One of the issues that has hindered the progress of using Virtual Platforms for early software development is missing models. I recall seeing Axys Design's Maxsim tool back around 2001 and thinking how cool it was. All the user had to do was drag and drop models and wire them together to create a working Virtual Platform. At the time I was working at Axis Systems so we always called Axys "the other Axis". Axys was eventually acquired by ARM in 2004, but the block diagram editor still exists today in Fast Models from ARM. After the coolness of the demo wore off, I started thinking about the latest and greatest SoC being developed by Samsung, TI, or whoever, and realized that the library to drag-and-drop from probably was missing almost everything needed to create a complete SoC Virtual Platform. I'm sure the ARM CPU was there and probably the memories and a few relatively simple peripherals, but that was about it. Where would the rest of the models come from? Would the Virtual Platform for early software development always suffer from the Missing Model Syndrome?
Over the years it seems a few different approaches have been taken to address the case of the missing models.
The first is to simply brute force as many models as possible to cut down on the number of missing models. This approach is a lot of work, but results in a useful library of models with far more coverage. A drawback of this approach is that SoC designs will always have custom blocks that are the differentiating features of a device (and usually the most complex ones) so there is no way to cover the models for all of the new or proprietary design blocks. Another drawback is that all of the effort is in the model library so the models tend to be closed source or black box models that cannot be modified by the user. The bummer for users is they are now picking tools based on model availability, not based on what they really want to use the models for.
The second approach is to provide a language and tools that enable a user to do the model creation themselves; the "teach a man to fish" approach. Since Virtual Platforms are abstract and start from the programmers view of the device, a programming language or description of what the hardware does can be used. This has the advantage of letting users create models without vendors having to add something to a library. A drawback of this approach is that it relies on the person writing the description to correctly describe the hardware behavior, in most cases from a paper specification. The result can be a model that doesn't behave like the actual device leading to software that works great on the model, but doesn't work on the actual silicon. Of course, a mix of both of these approaches is possible, but neither is ideal.
Could the Missing Model Syndrome be the reason why stand-alone Virtual Platform tools have yet to be able to Cross the Chasm to mainstream users?
One of the nice things about emulation is that when you visit a company interested in using emulation there is never a question about the input that goes into the emulator. The input to emulation is RTL code, and every company has it since it's the starting point for chip implementation. Virtual Platforms are starting to benefit in the same way due to growth in High Level Synthesis tools like C-to-Silicon.
Is the lack of a connection between Virtual Platform creation and hardware implementation a factor in the Missing Model Syndrome?
Certainly, models (and a fast simulator) are a necessary, but not enough to provide the benefits needed to improve software quality. I really try to control my reaction when I hear people say that a free simulator is good enough, but it's not easy.
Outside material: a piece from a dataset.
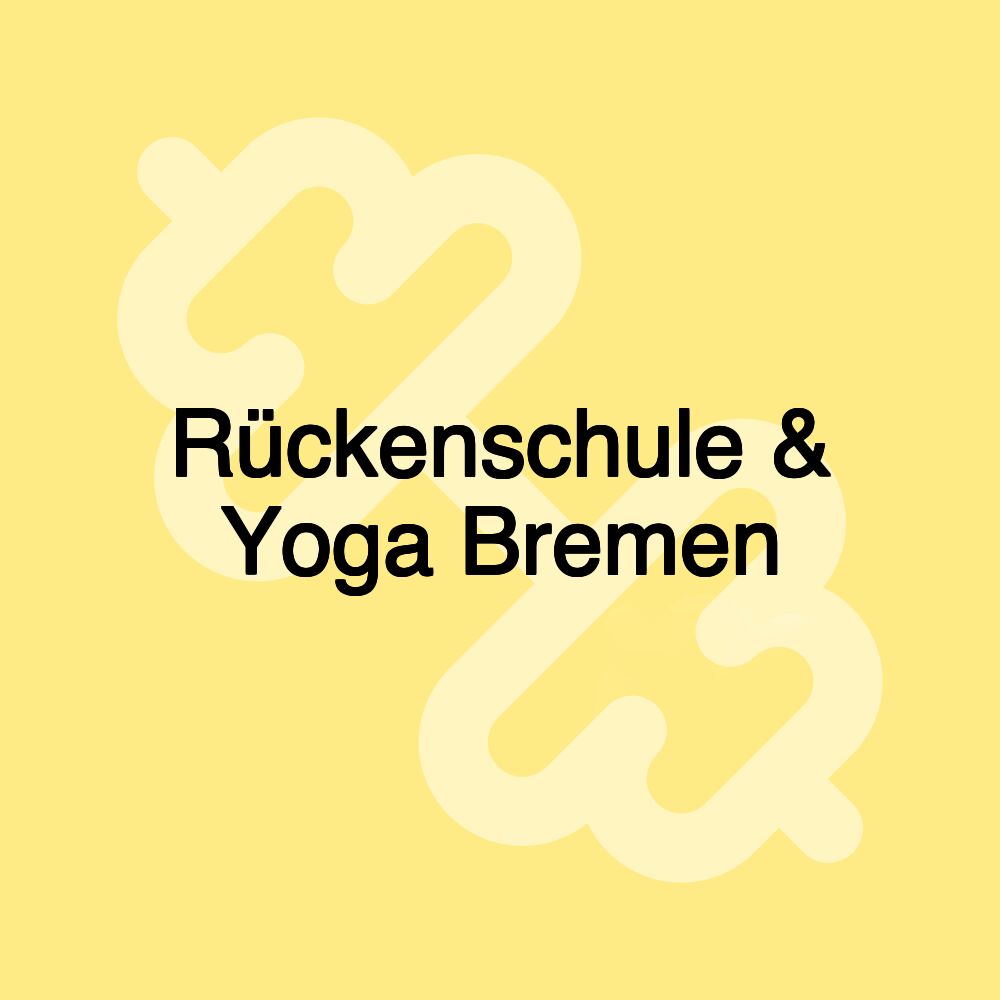 Rückenschule & Yoga Bremen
Simulation is only the base upon which to build features to enable engineers to do the tasks they need to do in a shorter time with improved quality. I have have said many times, step one is to run, step two is to debug (because software never works the first time), and only on step three do you really get to what you wanted to do in the first place, to verify software quality and tune system performance. Virtual Platforms provide value because they are capable of things that are very hard to do with real hardware. Some examples include:
Reliably reproduce hard to find bugs like race conditions
Debug without help from JTAG, monitors, or stubs
Analyze memory usage to optimally size memories to avoid extra cost
Non-intrusively profile software performance to understand where time is spent
- Understand how software changes influence power
Non-intrusively monitor data structures to see if they are adequately sized
Find out why a new release of the operating system results in degraded system performance
Insert hardware errors or inject artificial function return values to fully test software corner case handling
Collect functional coverage on variables and function arguments
Confirm performance is sufficient to avoid multimedia issues like choppy audio
Experiment with trade-offs between running functions as C code on a processor compared to implementing a hardware co-processor
I'm sure there are many more you can think of. My most interesting Virtual Platform discussions are those that get beyond talking about models and simulators and cover the real issues facing engineers trying to get systems working in a shorter time and with higher quality.